Differentiation and Evaluation of Disease Progression in Essential Tremor Utilizing MRI Biomarkers
In order to distinguish essays and pre-prints from academic theses, we have a separate category. These are often much longer text based documents than a paper.
Essential tremor (ET) is one of the most common movement disorders, characterized by kinetic tremor in the upper extremities with additional cranial tremor often present in the neck or jaw. While it is well established that ET is primarily a cerebellar disorder, recent investigations have shown more widespread pathological effects throughout the brain. Furthermore, the neurodegenerative nature of ET is still disputed and requires additional investigation. Additionally, the link between ET and Parkinson’s disease (PD) is of special interest, as it can be challenging to clinically differentiate these diseases.

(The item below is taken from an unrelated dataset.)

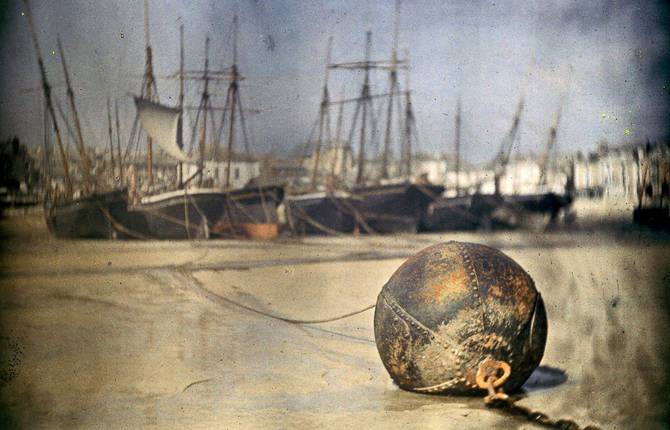 Dreamlike Colored Photographs from the start of the 20th century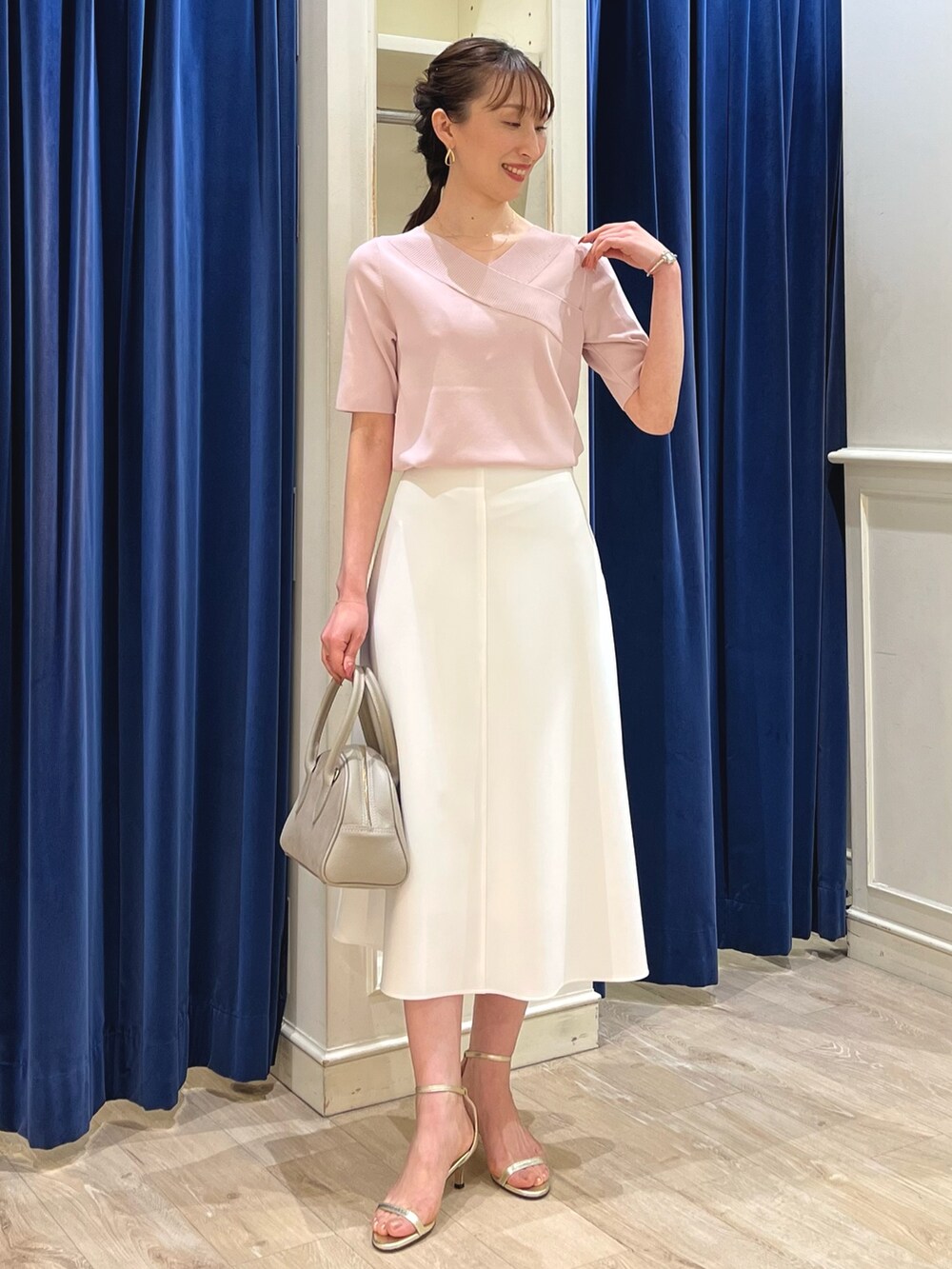 「春色、春めき満開コーデ、春、きれいめコーデ、ニット、カシュクール、ピンク、ピンクコーデ、フレアスカート、スカート、スカートスタイル、大人かわいい、ノーリーズ、春コーデ、オフィスカジュアル」｜「NOLLEY’S Sophiの《手洗い可能》カシュクール風5分袖プルオーバーニット（ニット/セーター、ピンク系）」を使った、nol ikeoさん（骨格ウェーブ・レディース・160cm）の春コーディネートの7枚目の写真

While post-mortem studies have helped to further the pathological understanding of these diseases, non-invasive in-vivo techniques allow for more accurate diagnosis in the clinic. With a more accurate diagnosis comes a more targeted treatment, and hopefully an improved remediation of the disease. My thesis seeks to further investigate the neurodegenerative hypothesis of ET as well as explore magnetic resonance imaging (MRI) biomarkers for potential differences in ET and PD.
These aims will be accomplished in three steps. First, gray matter volume loss in the cerebellum was investigated using voxel-based morphometry and the Spatially Unbiased Infra-Tentorial Template (SUIT) atlas on a lobule level. High resolution 3D T1-weighted MRI images were acquired on 47 ET cases and 36 controls. The cerebellum was segmented into 34 lobules using the SUIT atlas. Percent gray matter was calculated as the ratio of lobule gray matter volume divided by total lobule volume. No significant differences were identified between ET cases and controls in any of the 34 lobules. However, nine lobules had significantly decreased percent gray matter in ET cases with head or jaw tremor (n = 27) compared to controls. Also, 11 lobules had significantly decreased percent gray matter in ET cases with voice tremor (n = 22) compared to controls. This result confirms, with increased regional accuracy, gray matter volume loss in the cerebellum of ET cases.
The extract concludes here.